In practice, it is important that linearly polarized antennas be matched to substantially reduce the received signal strength requirement. Accordingly, a horizontal polarization works best with a substantially horizontal polarization antenna and vertical polarization antenna works best with a substantially vertical polarization antenna. Intermediate matchings will lose some signal strength, but not as much as a complete mismatch.
Furthermore, because the electro-magnetic wave travels through different parts of the antenna system (radio, feed line, antenna, free space, etc.), it may encounter differences in impedance. At each interface, depending on how well the impedance is matched, some portion of the wave's energy reflects back to the source of the wave, forming a standing wave in the feed line.
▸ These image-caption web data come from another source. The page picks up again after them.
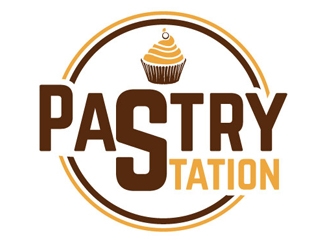 Pastry Station logo design by logoguy
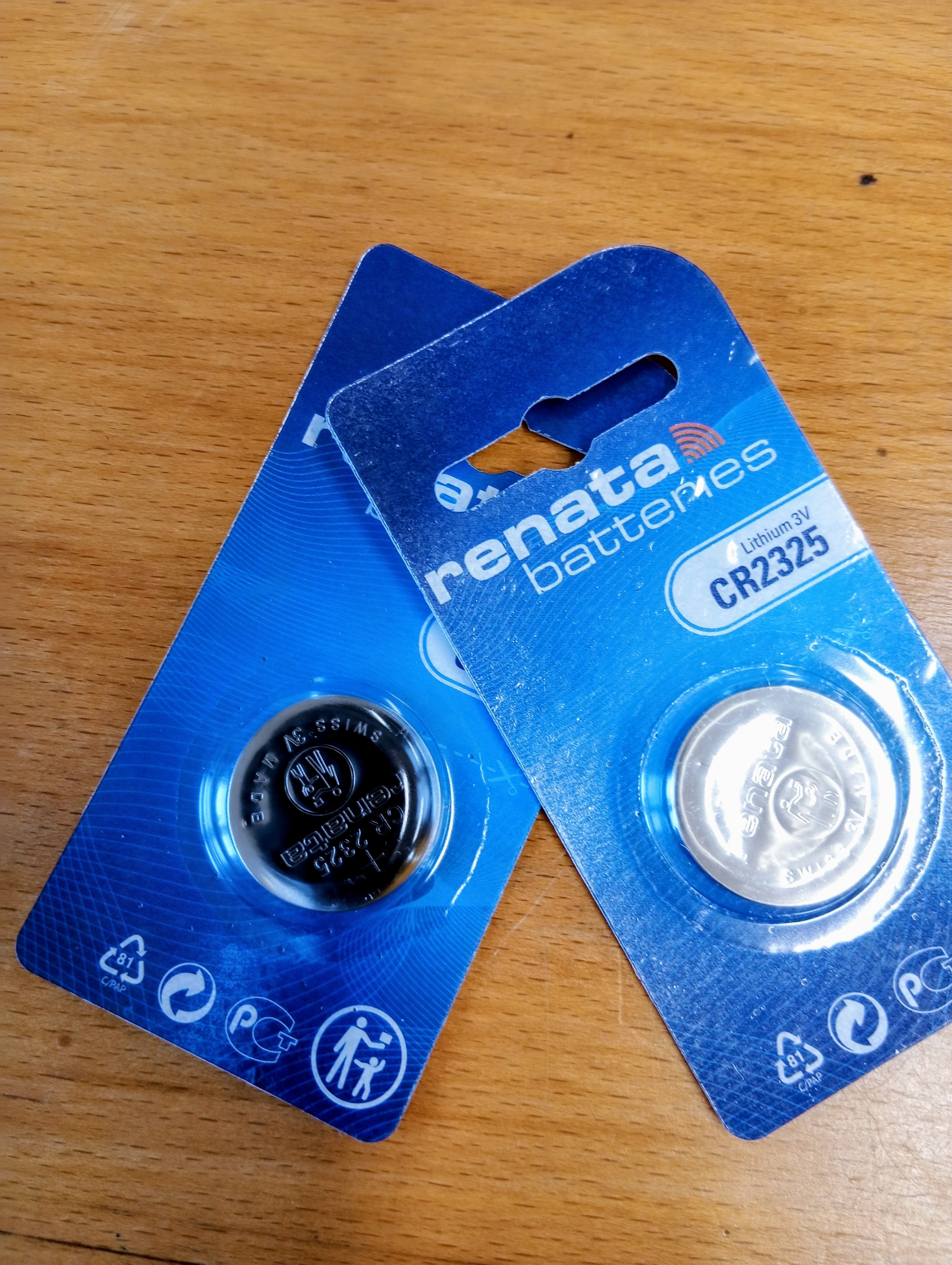 L&B Audible replacement batteries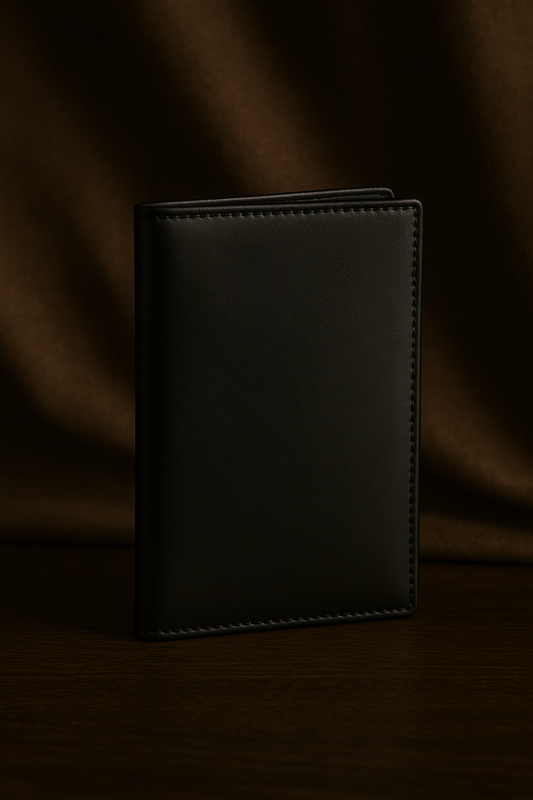 Classic Leather Passport Holder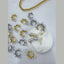 Pearl Gold Anti Tarnish Stud Clip-On Ear Cuff Conch Earring Pair Bulk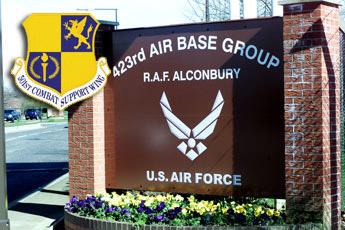 Alconbury Royal Air Force Base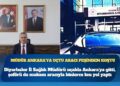 Diyarbakır İl Sağlık Müdürü uçakla Ankara’ya gitti, şoförü de makam aracıyla binlerce km yol yaptı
Impedance matching deals with minimizing impedance differences at each interface to reduce ratio of maximum power to minimum power, that is, the standing wave ratio (SWR), and to maximize power transfer through each part of the antenna system.
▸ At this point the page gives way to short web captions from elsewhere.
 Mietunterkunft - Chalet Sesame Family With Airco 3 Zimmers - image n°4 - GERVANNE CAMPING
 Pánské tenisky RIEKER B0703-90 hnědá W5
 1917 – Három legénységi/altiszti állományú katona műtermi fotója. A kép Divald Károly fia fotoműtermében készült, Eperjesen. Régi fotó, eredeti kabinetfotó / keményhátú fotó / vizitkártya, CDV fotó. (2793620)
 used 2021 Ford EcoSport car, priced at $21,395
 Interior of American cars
Complex impedance of an antenna is related to the electrical length of the antenna at the wavelength in use. The impedance of an antenna can be matched to the feed line and radio by adjusting the impedance of the feed line, for example, by adjusting the length and width of the feed line.
Many antenna applications require broadband, dual polarized antenna elements to transmit and/or receive a diverse number of polarizations and hence the receiver antenna must be able to handle multiple polarizations. Moreover, sometimes the sensor location does not easily lend itself to providing a particular polarization, like an element that is located60 degrees off center on a cylinder yet needs to be able to transmit and/or receive a horizontally polarized signal. Furthermore, many antenna applications do not have much depth requiring conformal mounting and collocation of the orthogonally polarized antennas.
Prior attempts to solve the above mentioned problems include a quad-notch in a cavity. The quad-notch in a cavity offers two orthogonal polarizations that is broadband (˜9:1) and high gain. However, the cavity and antenna require a large amount of space (approximately 12×12×3 inched deep for a 2-18 GHz antenna), which is too large for some applications. A conventional conformal channel monopole provides a thin (approximately 2×1×0.025 for a 2-18 GHz antenna), conformal antenna that is also broadband (˜9:1). However, it only provides one polarization at any given location. On the other hand, antennas with ultra-wide bandwidth have usually been too large to consider for many applications, such as antenna arrays.
SUMMARY OF THE INVENTIONIn some embodiments, the present invention provides a polarization diverse antenna within the physical volume of a standard conformal channel monopole (for example, ˜0.25 of depth for a 2-18 GHz antenna). The invention allows for an antenna in which one can obtain two orthogonal polarizations simultaneously or even more than two polarizations simultaneously if desired. This makes the invention suitable for any application or platform that requires the small size and moderate gain that a conformal channel monopole supplies.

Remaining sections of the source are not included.